Legally, jury trials can’t be held in Delray Beach. In 2003, the suggestion was rejected after a study found the demographic mix in the southern part of the county was too white to comply with court rulings that dictate that the racial makeup of jury pools must reflect the racial profile of the entire county. Based on the 2000 Census, 92 percent of the residents in the Delray Beach-Boca Raton area were white compared with 79 percent in the rest of the county.

That added another yet wrinkle to the trial. While prospective jurors will gather in a courtroom in the main Palm Beach County Courthouse in West Palm Beach for jury selection, those selected will be told to drive to Delray Beach for the trial when it begins Tuesday and then head back to West Palm Beach for deliberations.

Debra Oats, court operations consultant, said a variety of options were considered to find a place for the unwieldy trial. The convention center was rejected because parking is limited while a garage is under construction. It also would have cost about $35,000 to rent a room in the facility, but Oats said the lack of parking was the deal breaker.

The cost of re-configuring the courtroom was minimal, she said. While an unusual situation, she expects the trial to go off without a hitch.

Haber said his clients are just happy their grievances over leaky windows, roofs and walls and other construction defects will finally be aired. “I don’t care if we try it on the courthouse steps,” he said.

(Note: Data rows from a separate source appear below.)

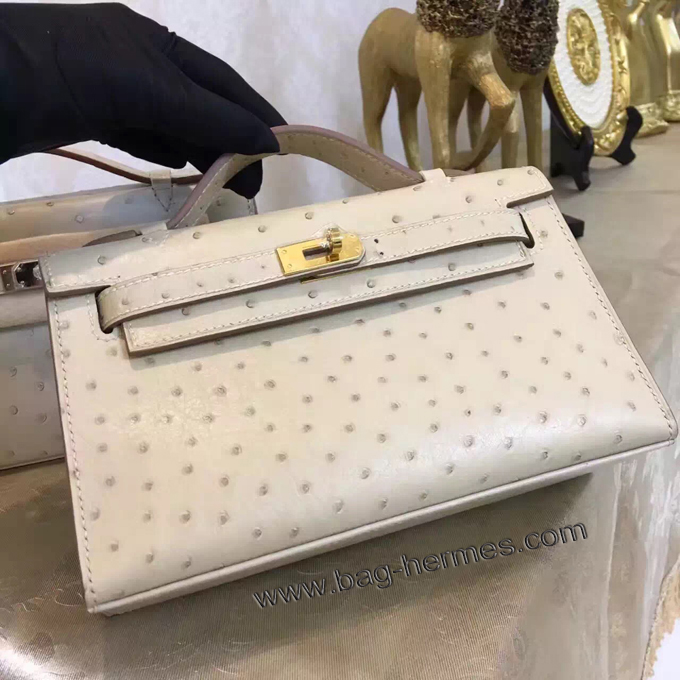 エルメス ポシェットケリー オフベージュ シルバー金具 オーストリッチ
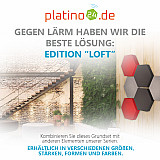 Edition &quote;LOFT&quote; Honeycomb - 6 absorbers made of Basotect ® - Colour: Platinum + Anthracite + Red Pepper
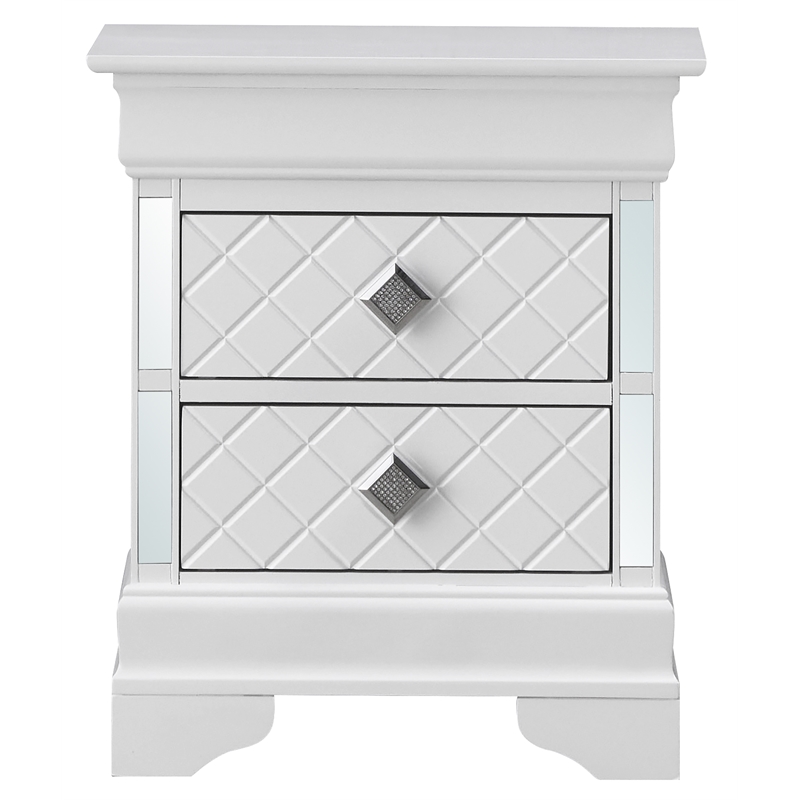 Glory Furniture Verona Wood 2 Drawer Nightstand White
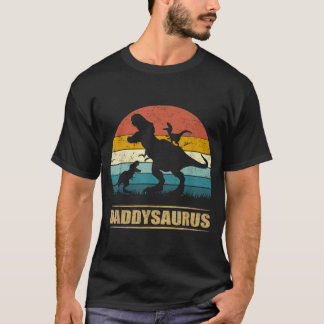 Daddy Dinosaur Daddysaurus 2 kids Father's Day  T-Shirt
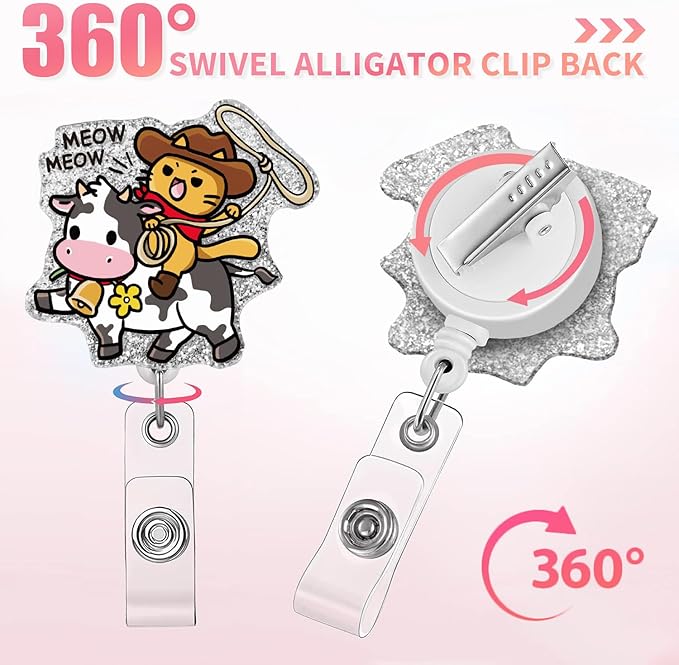 Aoryalps Meow Meow Retractable Badge Reel Holder Retractable with ID Clip for Nurse Nursing Name Tag Card Nursing Student Teacher Doctor Medical Assistant Work Office Clip-Gifts for Nurse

San Matera condo group settles with Kolter for $22.5 million
Palm Beach Post
By Jane Musgrave
29 September 2016

DELRAY BEACH — A trial that posed one of the biggest logistical challenges in Palm Beach County legal history was over before it began Thursday when a beleaguered Palm Beach Gardens community agreed to accept $22.5 million to drop its claims against Kolter Homes.

While less than the $36 million the San Matera The Gardens Condominium Association was seeking to repair leaky buildings, its attorney said it allows work to begin so the 676 unit owners can finally move on with their lives.

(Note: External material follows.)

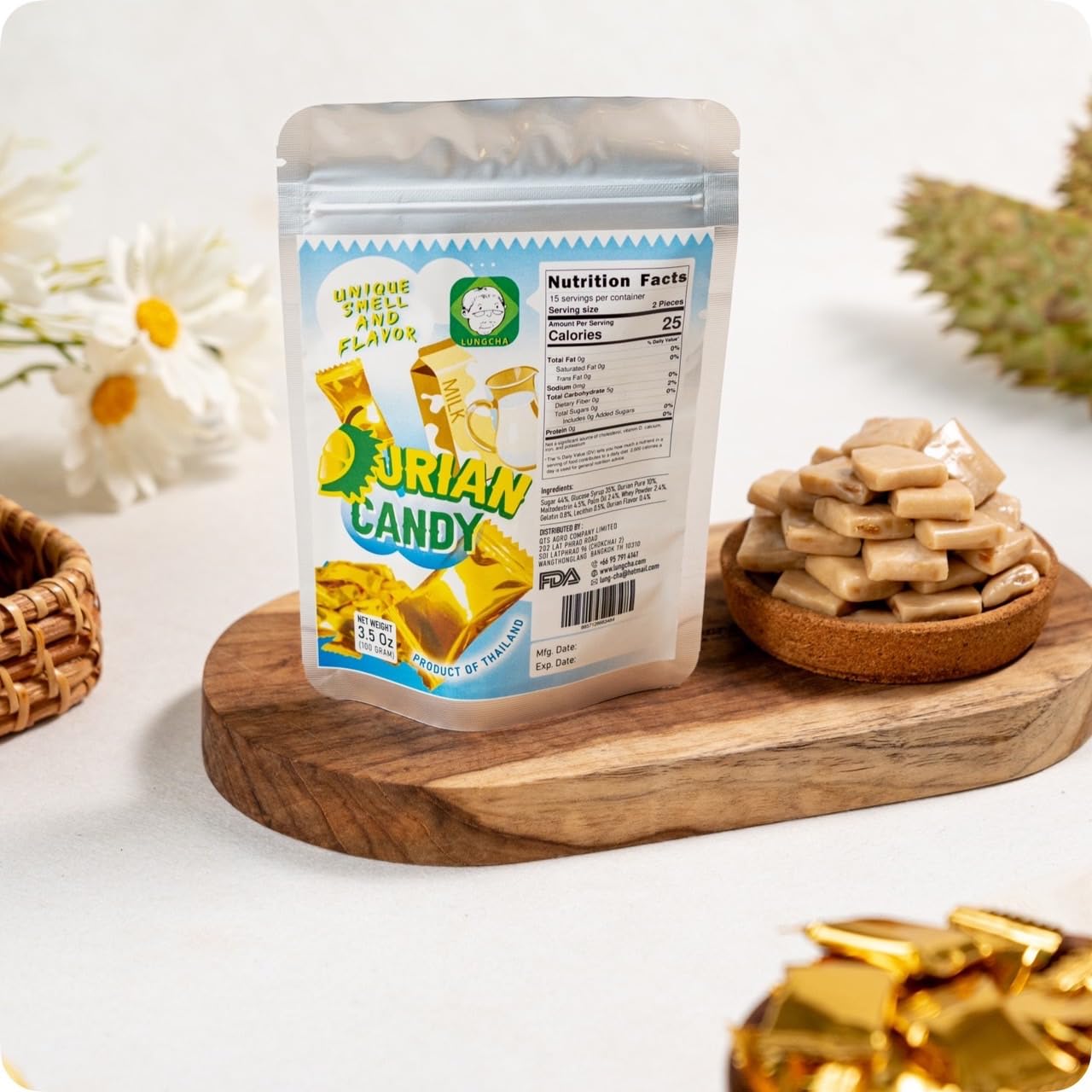 Premium Durian Flavored Toffee Candy - Exotic Tropical Fruit Flavor, Ready to Eat Snack (3.5oz) - Perfect for Asian Dessert Lovers, Unique Gift Idea for Candy Enthusiasts & Durian Fans - Great for Parties, Movie Nights and Sweet Cravings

Even if a jury had awarded the community all of the money it sought, appeals from Kolter, dozens of subcontractors and their insurers could have dragged out for years, further delaying needed repairs while the condos continue to rot, said attorney David Haber.

He credited Palm Beach County Circuit Judge Jack Cox for pushing the insurance companies representing the 18 companies to the bargaining table. Haber also credited court administration officials with figuring out a way to bring the 6-year-old lawsuit to trial.

With no courtroom big enough to accommodate the estimated 40 attorneys involved in the case, officials reconfigured a courtroom at the South County Courthouse in Delray Beach. Benches were pulled out and replaced with folding tables and chairs for the phalanx of lawyers.

In addition, hundreds of extra jurors were summoned. Thursday was the third day of jury selection and Cox made it clear that the trial would begin next week as planned, Haber said.

That’s when settlement negotiations began in earnest, he said.

The accord was announced in open court in West Palm Beach, where jury selection was being held before the trial was moved to the remodeled Delray courtroom.

Haber said homeowners are anxious for repairs to begin.

“The association now has the arduous task of completing the remediation process,” he said.